Fallon's Skimmer - Cool app to keep up with your social networks

Today, Fallon launched Skimmer, an Adobe AIR application "designed to streamline, beautify, and enhance the experience of participating in your most frequently used social networking activities." Skimmer streams Twitter, Flickr, Facebook, YouTube, and Blogger onto one desktop dashboard. This feed content can be filtered by service, by group, or by keyword. In addition, you have the ability upload pictures and videos to Flickr and Youtube.



I immediately downloaded it to see what I thought. I have to say it did make things a lot easier. I could easily follow what was going on with all my friends on Facebook and Twitter, as well as any blog updates. For me, the only downside was that it got a bit overwhelming since I hadn't grouped my friends yet.

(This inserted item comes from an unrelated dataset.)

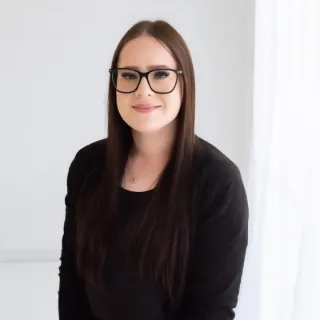 Hallie Kuorikoski - Real Estate Agent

Apparently, (via Creativity Online) the app has launched in conjunction with Fallon's new corporate Web site — employees’ social media activity will be published via Skimmer within Fallon.com. In some ways, I see this as the next step in the evolution of agency sites from the traditional to a site like Modernista's where a floating menu bar that superimposes its logo and a small clickable menu over the top of whatever referring page you clicked from to Fallon's where all employees' social media activity is openly published on the site. While I think this is an interesting idea, I wonder how much monitoring it will take as employees come and go and if it will force employees to be much more private since their whole lives are now fully connected to their employer.

1 comment:

Chris Wiggins said...

Hi Tuffy,

Thanks for the writeup. As far as the 'we are fallon' section of the site where employees social activity is freely visible, I'll let you in on a secret. The fallon version of the app has a (pre-checked) fallon.com button for all posting/uploading dialogs so any time a user prefers that a post not show up on the corporate site, they can still use skimmer to post it and it will only show up on the service. That's done wonders to make people feel comfortable with the idea.

Again, thanks for the writeup and for trying it out.